Office of the President
Dr. Patrick T. Harker is the 26th president of the University of Delaware. He also serves as professor of business administration in the Alfred Lerner College of Business and Economics and professor of civil and environmental engineering in the College of Engineering.
Coast Day 2010
Cannon Lab, Lewes
October 3, 2010
Welcome to Coast Day 2010! I thank Dean Targett, the entire college, and Delaware Sea Grant for putting on such terrific celebration year after year.
2010 marks the 40th anniversary of what is now the College of Earth, Ocean, and Environment. I want to congratulate everyone associated with the college for 40 years of science, research, and action on behalf of our marine and coastal resources—not just here in Delaware but, truly, around the world. Could we give them a round of applause?
There’s at least one new guest at today’s celebration—all 400 feet of her. Our campus-powering wind turbine is such a terrific example of Delaware’s commitment to leading this nation toward a sustainable-energy future.
And “leading” really has been our mission this year. While the Deepwater Horizon was still gushing oil into the Gulf of Mexico, Dean Targett was helping convene the U.S. research community on response efforts. She later briefed Vice President Biden’s office on our biggest scientific challenges and the coordination of non-federal assets. Meanwhile, our underwater glider was in the Gulf gathering data on sea-surface temperatures to track oil flow and direction.
When a huge ice island cleaved from the Petermann Glacier in northern Greenland, it was this college that processed the raw data from the event. And it was UD Professor Andreas Muenchow whom Congress called on to weigh in on whether the event was related to climate change.

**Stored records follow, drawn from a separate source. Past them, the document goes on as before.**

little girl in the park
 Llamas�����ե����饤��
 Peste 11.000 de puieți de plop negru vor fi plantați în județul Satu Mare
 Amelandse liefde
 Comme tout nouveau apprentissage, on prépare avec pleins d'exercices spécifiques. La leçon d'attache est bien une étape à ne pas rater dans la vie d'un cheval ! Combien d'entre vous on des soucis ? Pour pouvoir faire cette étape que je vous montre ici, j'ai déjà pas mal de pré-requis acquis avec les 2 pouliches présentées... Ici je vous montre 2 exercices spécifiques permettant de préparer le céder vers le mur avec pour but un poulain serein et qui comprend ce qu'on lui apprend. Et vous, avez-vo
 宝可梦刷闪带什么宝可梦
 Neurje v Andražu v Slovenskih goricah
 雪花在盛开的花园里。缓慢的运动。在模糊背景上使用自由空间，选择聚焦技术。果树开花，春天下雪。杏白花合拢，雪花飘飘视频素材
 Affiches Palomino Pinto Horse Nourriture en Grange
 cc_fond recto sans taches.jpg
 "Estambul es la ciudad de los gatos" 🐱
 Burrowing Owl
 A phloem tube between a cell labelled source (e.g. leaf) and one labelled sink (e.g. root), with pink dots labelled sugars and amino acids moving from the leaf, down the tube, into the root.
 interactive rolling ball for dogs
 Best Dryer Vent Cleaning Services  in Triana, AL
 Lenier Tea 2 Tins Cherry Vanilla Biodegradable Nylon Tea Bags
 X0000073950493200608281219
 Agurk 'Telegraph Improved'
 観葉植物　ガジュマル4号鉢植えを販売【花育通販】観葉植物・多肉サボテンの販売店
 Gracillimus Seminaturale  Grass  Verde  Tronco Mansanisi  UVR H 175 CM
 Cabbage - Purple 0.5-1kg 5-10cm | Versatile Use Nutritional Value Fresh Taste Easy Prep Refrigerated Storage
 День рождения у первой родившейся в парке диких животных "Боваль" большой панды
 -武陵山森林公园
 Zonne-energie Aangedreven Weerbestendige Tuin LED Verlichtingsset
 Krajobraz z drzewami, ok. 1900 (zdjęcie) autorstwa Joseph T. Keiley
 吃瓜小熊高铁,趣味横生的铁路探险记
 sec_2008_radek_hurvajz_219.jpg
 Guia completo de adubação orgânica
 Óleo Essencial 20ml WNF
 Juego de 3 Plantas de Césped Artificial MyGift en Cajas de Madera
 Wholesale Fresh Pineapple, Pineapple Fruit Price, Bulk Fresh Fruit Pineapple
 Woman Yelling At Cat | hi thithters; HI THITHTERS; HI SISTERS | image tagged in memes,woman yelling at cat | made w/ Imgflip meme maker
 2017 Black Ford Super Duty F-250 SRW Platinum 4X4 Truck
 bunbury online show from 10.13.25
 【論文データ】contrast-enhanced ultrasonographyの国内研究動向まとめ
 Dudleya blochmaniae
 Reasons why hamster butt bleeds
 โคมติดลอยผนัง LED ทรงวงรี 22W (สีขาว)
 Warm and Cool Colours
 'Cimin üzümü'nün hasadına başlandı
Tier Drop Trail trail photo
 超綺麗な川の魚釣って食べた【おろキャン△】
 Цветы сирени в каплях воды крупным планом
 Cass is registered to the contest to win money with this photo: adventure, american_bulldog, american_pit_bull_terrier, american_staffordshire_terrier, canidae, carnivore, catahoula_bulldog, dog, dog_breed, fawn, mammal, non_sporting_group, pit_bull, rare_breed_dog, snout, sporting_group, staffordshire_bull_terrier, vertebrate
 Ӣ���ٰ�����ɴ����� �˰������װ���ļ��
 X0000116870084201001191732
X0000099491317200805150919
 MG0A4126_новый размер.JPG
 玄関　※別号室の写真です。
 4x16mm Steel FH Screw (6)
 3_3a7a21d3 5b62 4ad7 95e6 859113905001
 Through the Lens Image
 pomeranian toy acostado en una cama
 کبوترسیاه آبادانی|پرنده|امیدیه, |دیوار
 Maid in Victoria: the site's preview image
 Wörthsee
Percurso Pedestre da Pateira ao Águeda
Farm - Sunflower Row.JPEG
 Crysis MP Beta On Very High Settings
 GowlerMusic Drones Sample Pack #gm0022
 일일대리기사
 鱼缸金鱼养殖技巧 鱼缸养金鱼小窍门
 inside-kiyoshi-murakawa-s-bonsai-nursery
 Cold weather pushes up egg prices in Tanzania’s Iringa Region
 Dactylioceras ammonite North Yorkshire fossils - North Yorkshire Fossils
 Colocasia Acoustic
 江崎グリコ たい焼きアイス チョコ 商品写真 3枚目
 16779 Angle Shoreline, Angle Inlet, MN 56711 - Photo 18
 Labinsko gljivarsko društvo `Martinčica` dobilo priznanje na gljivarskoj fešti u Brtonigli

We’re on the vanguard of environmental science because we’re investing in it. Two new satellite-receiving stations—among just a handful on the East Coast—are giving us real-time data on land and ocean-surface conditions and atmospheric changes. Meanwhile, our global visualization lab integrates different data streams to give us a holistic—and incredibly realistic—look at exactly what’s going on in our ocean.
This sort of cutting-edge technology—and the breakthrough research that goes along with it—makes Delaware a critical resource for scientists across the country. And it makes this state one of the most watched places on the planet—literally and figuratively.
You’re in this mission with us. For nearly 20 years, as part of UD’s Citizen Monitoring Program, volunteers throughout the state have been collecting water samples from Delaware’s bays, rivers, streams, and wetlands to help us measure important water-quality characteristics. This data is just as important as what we get from satellite feeds and underwater robots. It gives us a great picture of the watershed’s health and helps us preserve an ecosystem I know we all cherish deeply.
And that’s our ultimate mission: to preserve this amazing landscape for generations to come. That’s what fuels our science, our research, our policy and practice. And that’s what brings us together today.
So I hope you eat well, learn a lot, and have a fantastic time.